Los buenos maestros de espiritualidad nos recuerdan que el cristianismo es el encuentro con una Persona, Cristo. Y de eso se trata en la vida espiritual, comunicación y cercanía con Cristo para conocer al Padre, con la asistencia del Espíritu Santo. Llegar a ser un cristiano con los mismos sentimientos del corazón de Cristo es tarea de toda la vida. En esto, somos caminantes y aprendices continuos. En esa búsqueda de orientación, me encontré con un libro del gran Garrigou-Lagrange (Knowing the Love of God: Lessons from a Spiritual Master. Saint Joseph Communications. USA. Kindle Edition, 2018). Me es familiar la lectura de sus libros de filosofía y de espiritualidad. Este último ha sido un grato descubrimiento. Es el maestro experimentado -ciencia y vida- quien ofrece consejos para conocer un poco mejor el rostro de Cristo. Mientras leía el libro, tomaba notas: con ellas he compuesto este breve artículo.
El Dios cristiano no es el Dios Aristotélico, primera causa del universo, inteligencia suprema que gobierna la creación. Lo hubiésemos amado como al autor de la naturaleza, con el amor que existe entre el inferior y el superior. Unos buenos siervos, pero ni amigos ni hijos. El Dios cristiano es Logos y Amor, por tanto, no solo hay admiración, respeto, gratitud, sino, también, cercanía con esa amable intimidad propia de la sencilla familiaridad de quienes se saben hijos de Dios. Esta realidad de la filiación divina la recordó Benedicto XVI en su encíclica Deus Caritas est, resaltando la dignidad a la que hemos sido elevados con la Redención.
La caridad es el vínculo de la perfección (Col. 3:14) y hace que todas nuestras fuerzas y acciones converjan hacia Cristo. El amor natural -recuerda nuestro autor- nos hace amar al prójimo por los beneficios que recibimos de él o por sus buenas cualidades. La caridad, en cambio, nos mueve a amar al prójimo por Dios, porque es un hijo de Dios o está llamado a serlo. Se entiende, por eso, aquella anécdota que se suele contar de Santa Teresa de Calcuta cuando uno de sus entrevistadores, al enterarse del carisma de la santa que atiende a los pobres de los pobres, exclamó: “yo no haría lo que ustedes hacen ni por todo el oro del mundo”. A lo que la santa respondió: “yo tampoco”. Para estar a la altura del prójimo, requerimos de la caridad sobrenatural que ensancha el corazón del cristiano.
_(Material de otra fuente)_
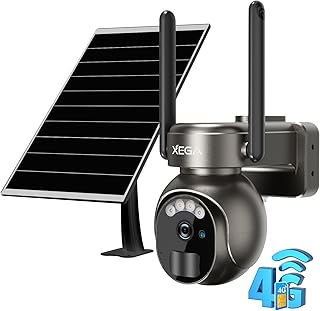 Xega 3G/4G LTE Solar Surveillance Camera with Sim Card 2K HD Outdoor Wireless Camera Tilt 355°/90° Wireless Surveillance C…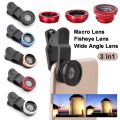 3 In 1 Wide Angle Macro Fish Eye Lens Universal Mobile Phone Fisheye Lenses For iPhone Samsung Huawei Xiaomi Redmi Camera Kits-Red.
El sufrimiento y las cruces llegan a nuestra vida. A un cristiano no le toma de sorpresa. El Señor ya nos puso sobre aviso: “Si alguien quiere ser mi seguidor, niéguese a sí mismo, tome su cruz y sígame” (Mt. 16:24). El camino es andadero, pero sabemos que hay cargas. Lo que llamamos la cruz (por analogía con los sufrimientos y muerte del divino Maestro) son los sufrimientos físicos y morales de la vida diaria, los cuales surgen de nuestra relación con el entorno y del mismo dintorno personal. Son las cruces que aparecen y nos convocan a ser los cireneos de la Cruz del Señor.
Sufrimiento, dolor y purificación. Los porqués se quedan cortos. Al cristiano no se le exime de estos trances de la vida, llegan, se instalan. Es tiempo de purificación, una nueva forma de seguir creciendo en esta aventura de la vida. Son tramos cargados de misterio y, también de sentido. Ser imagen viva de Cristo tiene de Tabor y de Calvario. Unas veces, es Jesús en el pesebre; otras veces, se nos revela en la Cruz de la propia experiencia.
Vamos al Padre a través del Hijo. Sin nuestro Señor podríamos tener un conocimiento suyo abstracto, filosófico; pero no un conocimiento afectivo, sobrenatural, vivo, que es el que se nos muestra en la oración mental. ¿Alguna ayuda? Muchas. Una de ellas, es la devoción a la Madre de Dios y madre nuestra. «Conocemos la visión de San Francisco de Asís -dice Garrigou-Lagrange-. Un día vio a sus hijos tratando de subir hacia Nuestro Señor en una escalera de color rojo, colocada en una pendiente muy pronunciada; después de haber subido varios escalones, se cayeron. Entonces Nuestro Señor mostró a San Francisco otra escalera, de color blanco y con una inclinación mucho más ligera, en cuya cima estaba la Santísima Virgen. Entonces le dijo: Recomienda a tus hijos que suban a la escalera de mi madre». Buen consejo para el camino de la vida espiritual.